Rory startled slightly at this unconscious echoing of Logan. The expression in his eyes was different, though, not to mention the eyes themselves.
Logan's were a warm golden brown that could turn to a smoulder; Jess's were deeper and darker. They could blaze with temper and heat, but for brown eyes they could also be surprisingly hard.
Right now his eyes held all their old piercing, but they lacked the belligerence that had once gone with it. "The last time I saw you I kinda got the impression you didn't really want to talk."
He was talking about the wedding. They'd both been there, of course.
He'd been Best Man and she'd been Maid of Honour. But she'd been dating Riley at that point – AKA attempt number two to fall for a guy who wasn't Logan, Jess or Dean – so she'd gotten Lane to run interference to make sure they weren't left alone.
Truth be told, she hadn't trusted herself not to be pulled into old behaviour.
Let's face it, she didn't have a great track record where he was concerned.
Twice she'd cheated on boyfriends with him.
Something she hadn't really wanted to acknowledge at the time.
But part of the pilgrimage was self-reflection. If she could recognise the source of the pattern, maybe she could change it.
Maybe there was a reason for her actions... maybe there was a reason she had basically sabotaged – or tried to sabotage – two relationships with him. (Maybe there was an excuse.)
Maybe all roads led back to Jess.
She considered his question; several responses came to mind.
She chose the easiest one.
"I wanted to thank you."
His eyes narrowed. "For what?"
"For giving me a kick up the patootie when I needed it."
One eyebrow went up. "Patootie?"
"Oh – sorry. Lorelai and Luke have banned saying any salty words in the house since LJ started mimicking everything around him like a parrot. Well, I say Mom and Luke – Lorelai was actually all for it after a visit to Hartford." She rolled her eyes. "There was a Grandma incident..."
Jess's mouth twisted in wry amusement. "I bet."
A few beats went by.
"So which of my heroic acts inspired this thanks? Slaying the Minotaur? Finding Nemo? Or finally wiping out that last stubborn point one percent in the war against bacteria?"
Rory pretended to consider it. "Well, these are all praiseworthy exploits..." She took a deep breath. "But what I actually wanted to thank you for was not letting me drift."
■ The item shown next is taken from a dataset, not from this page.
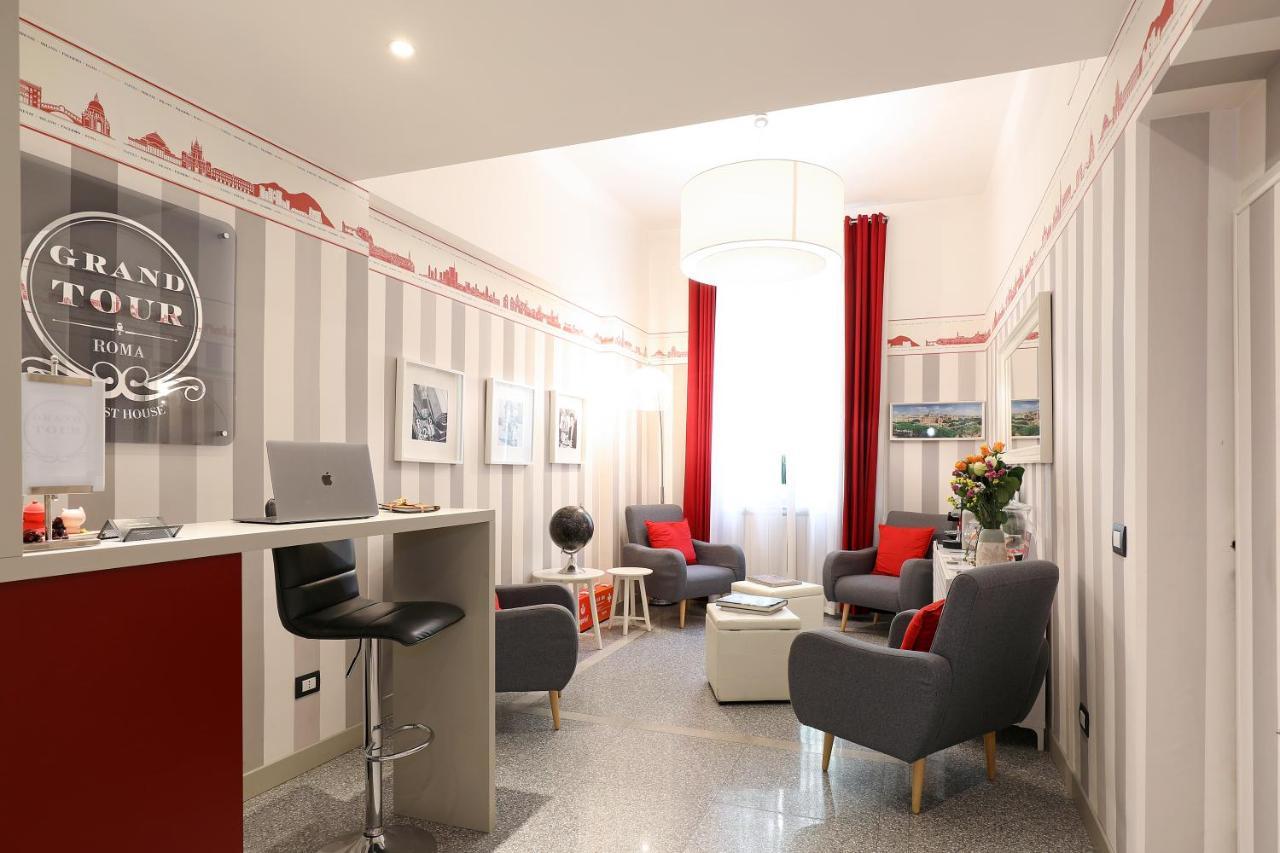 Grand Tour Rome Apartment - Liberty Collection Ngoại thất bức ảnh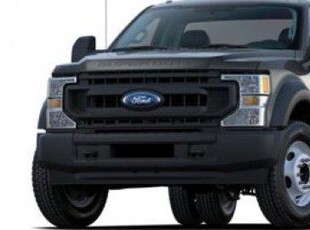 Used 2020 Ford F-550 Super Duty DRW XLT 4x4 Reg Chassis Cab 193wb for Sale in New Westminster, British Columbia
Jess's eyes narrowed again. "You're gonna have to un-sub some of this text for me, Rory."
"Leaving Yale," Rory clarified. "I was in such a rut, making," she rolled her eyes at herself, "really bad choices. And if you hadn't challenged me, maybe I would have stayed that way. Or maybe I would have realised what I was doing too late and messed up my whole degree. So, yeah – a huge and heartfelt thank-you, Jess."
His mouth quirked again. "Well, right back at you. I was a snot-nosed punk when I first came to Stars Hollow and probably would have stayed that way if it wasn't for you."
"Hmmm..." Rory pretended to consider this. "So maybe we both saved each other? Maybe we're both superheroes?"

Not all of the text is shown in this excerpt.